Celebrating Earth Heritage

The Haţeg UNESCO Global Geopark is located in the central part of Romania, in Southern Transylvania near the main routes to Hungary, Serbia and Bulgaria. The relief has an amphitheater shape with a central piedmont plain, with terraces and meadows surrounded by the picturesque mountain chains of: Retezat, Sureamu, Tarcu, Poiana Rusca.

Its vegetation ranges from alpine shrubs and grasslands, spruce fir, beech forests to sessile oak forest some of them already turned into fields and grasslands. Animal fauna is very divers, comprising among other hundreds of species bears, wolfs, lynxs, deers, marmots, and birds.

The UNESCO Global Geopark area represents a tectonic basin developed as response to collision of tectonic plates at the end of the Cretaceous, followed by tectonic subsidence during the closure of the North Tethys Realm. Jurassic to Pleistocene sedimentary rocks cover the basement of Precambrian – Paleozoic metamorphic and magmatic rocks.

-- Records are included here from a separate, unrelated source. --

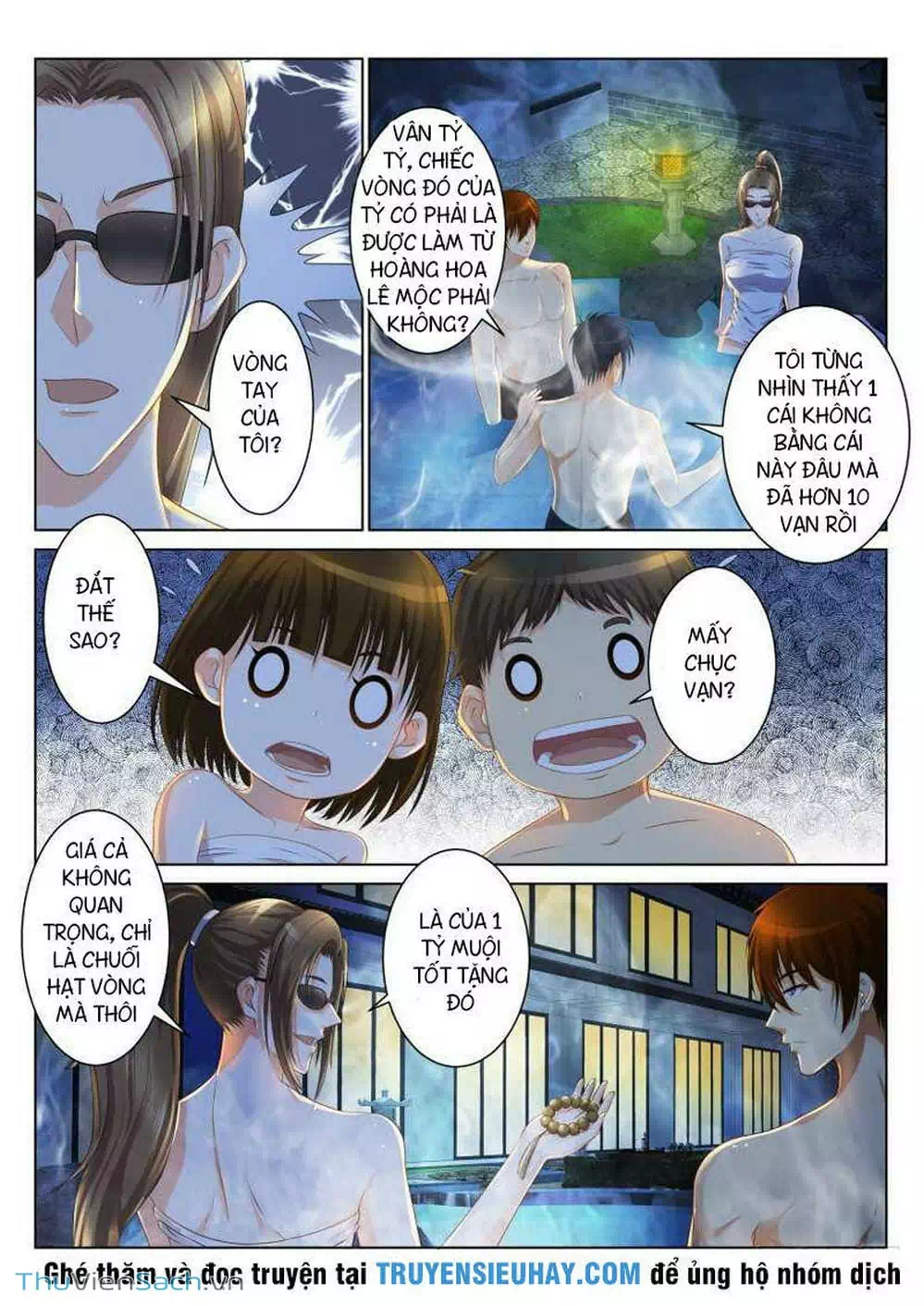 Chapter 81 - Image 7
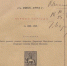 190 лет назад родился «пермский летописец» Василий Шишонко - Библиотека им. А.М. Горького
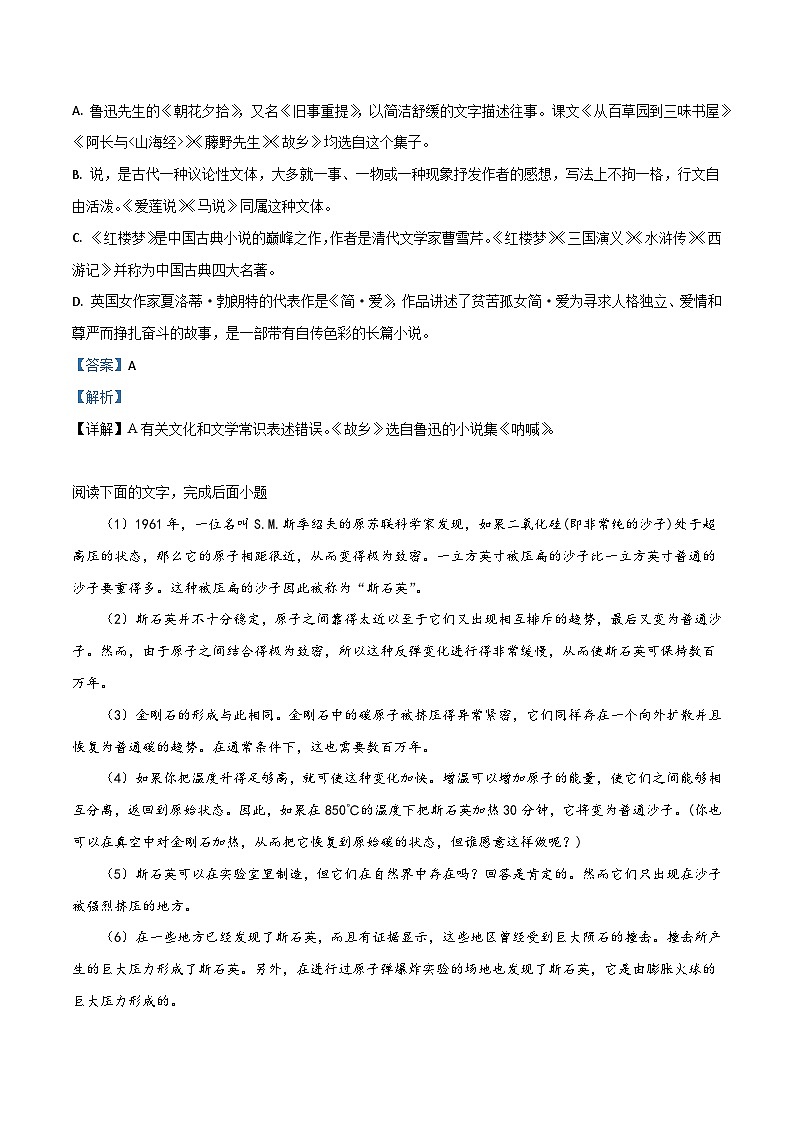 08 山东省泰安市2019年中考语文试题（解析版）03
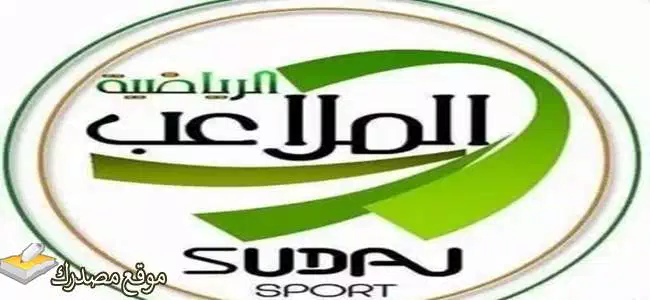 تردد قناة الملاعب السودانية الجديد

Paleogeography reveals Haţeg area was part of an archipelago of islands during Late Cretaceous. Quaternary glacier features, old quarries and a closed copper mine exploitation are also part of the geological heritage.

The region is world famous for its dwarf dinosaurs, also known as the “dwarf dinosaurs of Transylvania”, from the end of Cretaceous, 65 million years ago. The Geopark celebrates this special heritage. More than ten dinosaur species, both herbivorous and carnivorous, have been found in fossil fluvial and lake deposits. Of particular interest, dinosaur eggs and hatch-lings were also discovered in the same deposits. Other associated fossils within the same deposits, like flying reptiles, birds, mammals, lizards, snakes, frogs, crocodiles and turtles offer a bigger picture about dinosaur’s world and their aftermaths. Most spectacular is a huge pterosaur, or flying reptile, that was named Hatzegopteryx after the region and the town. This enormous creature, perhaps the largest flying animals ever, had a 12-meter wing-span. Also well documented at the Geopark are the volcanic rocks-tuffs, lavas and craters that mark eruptions that took place during the age of the dinosaurs.

©Alexandru Andrasanu


Sustaining local Communities

Picturesque landscapes and glacial mountain lakes provide the setting for a long human history that stretches from the Paleocene to Roman Antiquity and into the Middle Ages and today. The area is very famous for its historical and cultural sites covering in time a history of more than 4000 years. Impressive are the ruins of the ancient Roman capital of the Dacia province at Sarmizegetusa Ulpia Traiana. The numerous medieval churches and fortresses, as well as the remains of more recent castles, are important cultural heritage. Today Haţeg UNESCO Global Geopark covers 11 municipalities and 80 civil parishes and has a population of 38,500.

All the natural, historical and cultural sites of Haţeg are integrated into the management plan of the Geopark. This plan preserves the sites in order to allow visitors to experience the area’s heritage. The development of sustainable tourism in the region is a major objective of the Haţeg UNESCO Global Geopark, for which farm accommodation, trails and interpretive signs are planned. Among the new attractions, the creation a dinosaur museum with life-size reconstructions of the species from the Haţeg region is the most important.

The UNESCO Global Geopark has activities in education, public awareness, land planning, and nature conservation, encouraging research and education. Interdisciplinary projects are developed by university teachers and students every year. The UNESCO Global Geopark is subject for a MSc program and a case study for the online course European Seminar in Sustainable Development. EDU-Geopark Network was created in partnership with local schools to sustain educational and training programs for kids, teachers and professionals. New courses for local curricula (Discovering the backyard Nature, Local traditions, Geotourism), training courses for tourism guides and educational events are supported. Explorers Clubs are established in 12 schools and Volunteers for Geoparks is a new program to support young people’s involvement in local projects. Small info museums and geo-trails developed in partnership with local associations and communities promote geological heritage. Traditional activities and local products (handicrafts, brandy, cheese, meat) are supported in partnership with Women Association as part of the local strategy to promote geotourism and ecotourism.